» What you have to do:
Below are the records; pull every line that includes "Multi".

» Data supplied:
----------

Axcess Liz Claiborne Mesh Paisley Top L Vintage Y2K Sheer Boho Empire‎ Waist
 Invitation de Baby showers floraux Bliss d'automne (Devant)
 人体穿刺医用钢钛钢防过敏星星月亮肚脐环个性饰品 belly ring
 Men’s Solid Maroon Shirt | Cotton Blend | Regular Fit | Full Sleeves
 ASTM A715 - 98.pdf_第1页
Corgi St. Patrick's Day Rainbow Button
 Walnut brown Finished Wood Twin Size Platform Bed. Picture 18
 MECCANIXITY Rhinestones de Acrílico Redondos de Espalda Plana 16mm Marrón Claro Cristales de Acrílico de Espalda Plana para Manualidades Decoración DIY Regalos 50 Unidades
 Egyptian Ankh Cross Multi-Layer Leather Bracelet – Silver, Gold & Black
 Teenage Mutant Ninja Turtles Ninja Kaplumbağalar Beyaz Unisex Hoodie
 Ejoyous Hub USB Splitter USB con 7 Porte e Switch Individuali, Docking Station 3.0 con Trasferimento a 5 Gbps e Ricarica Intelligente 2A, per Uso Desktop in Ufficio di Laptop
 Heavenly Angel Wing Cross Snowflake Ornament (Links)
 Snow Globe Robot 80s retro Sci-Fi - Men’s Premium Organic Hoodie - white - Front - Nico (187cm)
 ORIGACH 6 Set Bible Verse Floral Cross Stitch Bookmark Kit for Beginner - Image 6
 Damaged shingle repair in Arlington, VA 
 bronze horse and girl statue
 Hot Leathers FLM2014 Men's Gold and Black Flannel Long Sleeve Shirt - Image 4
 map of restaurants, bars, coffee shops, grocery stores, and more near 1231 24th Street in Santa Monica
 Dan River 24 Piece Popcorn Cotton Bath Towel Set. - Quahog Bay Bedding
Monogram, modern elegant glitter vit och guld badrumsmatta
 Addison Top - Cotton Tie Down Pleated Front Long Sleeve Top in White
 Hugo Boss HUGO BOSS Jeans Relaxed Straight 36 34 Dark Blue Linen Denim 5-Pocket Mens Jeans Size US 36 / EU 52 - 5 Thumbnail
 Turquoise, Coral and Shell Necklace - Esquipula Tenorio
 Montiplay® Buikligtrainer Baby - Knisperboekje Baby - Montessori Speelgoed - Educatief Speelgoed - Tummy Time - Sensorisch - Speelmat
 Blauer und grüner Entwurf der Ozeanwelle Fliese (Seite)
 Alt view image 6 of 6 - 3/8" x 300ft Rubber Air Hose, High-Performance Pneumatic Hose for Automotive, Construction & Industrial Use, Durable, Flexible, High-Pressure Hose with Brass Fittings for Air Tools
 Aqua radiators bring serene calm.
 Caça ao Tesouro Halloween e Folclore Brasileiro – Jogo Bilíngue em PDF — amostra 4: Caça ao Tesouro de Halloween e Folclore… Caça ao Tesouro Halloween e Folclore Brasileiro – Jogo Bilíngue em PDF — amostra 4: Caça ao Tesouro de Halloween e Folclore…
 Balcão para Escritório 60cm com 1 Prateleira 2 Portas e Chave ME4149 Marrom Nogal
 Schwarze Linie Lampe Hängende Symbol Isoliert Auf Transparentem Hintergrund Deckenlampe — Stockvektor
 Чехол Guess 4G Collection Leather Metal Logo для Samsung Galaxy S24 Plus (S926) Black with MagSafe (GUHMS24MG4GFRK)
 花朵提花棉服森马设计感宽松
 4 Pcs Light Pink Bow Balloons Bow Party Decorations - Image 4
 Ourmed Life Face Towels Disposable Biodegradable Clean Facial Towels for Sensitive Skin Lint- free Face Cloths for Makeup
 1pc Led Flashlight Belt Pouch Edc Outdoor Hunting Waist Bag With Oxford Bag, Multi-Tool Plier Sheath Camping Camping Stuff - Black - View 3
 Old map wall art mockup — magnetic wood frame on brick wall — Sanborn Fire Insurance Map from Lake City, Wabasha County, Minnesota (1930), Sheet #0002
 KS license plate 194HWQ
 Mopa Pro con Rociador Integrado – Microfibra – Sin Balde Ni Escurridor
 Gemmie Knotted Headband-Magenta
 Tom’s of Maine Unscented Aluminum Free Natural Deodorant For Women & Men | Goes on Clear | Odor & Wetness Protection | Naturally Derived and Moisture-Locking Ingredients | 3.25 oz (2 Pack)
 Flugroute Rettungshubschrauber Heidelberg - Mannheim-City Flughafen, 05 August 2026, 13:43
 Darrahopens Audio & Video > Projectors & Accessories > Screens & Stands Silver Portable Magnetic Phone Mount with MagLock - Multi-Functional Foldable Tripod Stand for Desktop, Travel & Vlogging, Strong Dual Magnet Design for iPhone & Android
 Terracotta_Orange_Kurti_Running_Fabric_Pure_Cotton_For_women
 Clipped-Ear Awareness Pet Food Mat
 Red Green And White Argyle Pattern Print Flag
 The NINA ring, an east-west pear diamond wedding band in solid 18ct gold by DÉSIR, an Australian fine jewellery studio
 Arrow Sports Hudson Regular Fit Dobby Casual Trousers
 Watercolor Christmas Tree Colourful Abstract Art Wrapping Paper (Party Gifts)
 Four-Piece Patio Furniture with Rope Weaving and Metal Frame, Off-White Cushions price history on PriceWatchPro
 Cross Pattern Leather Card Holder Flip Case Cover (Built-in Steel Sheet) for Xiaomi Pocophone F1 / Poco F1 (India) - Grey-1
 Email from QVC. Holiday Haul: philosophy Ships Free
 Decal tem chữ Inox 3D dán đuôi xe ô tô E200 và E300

----------

» Output of the exercise:
 Egyptian Ankh Cross Multi-Layer Leather Bracelet – Silver, Gold & Black
 1pc Led Flashlight Belt Pouch Edc Outdoor Hunting Waist Bag With Oxford Bag, Multi-Tool Plier Sheath Camping Camping Stuff - Black - View 3
 Darrahopens Audio & Video > Projectors & Accessories > Screens & Stands Silver Portable Magnetic Phone Mount with MagLock - Multi-Functional Foldable Tripod Stand for Desktop, Travel & Vlogging, Strong Dual Magnet Design for iPhone & Android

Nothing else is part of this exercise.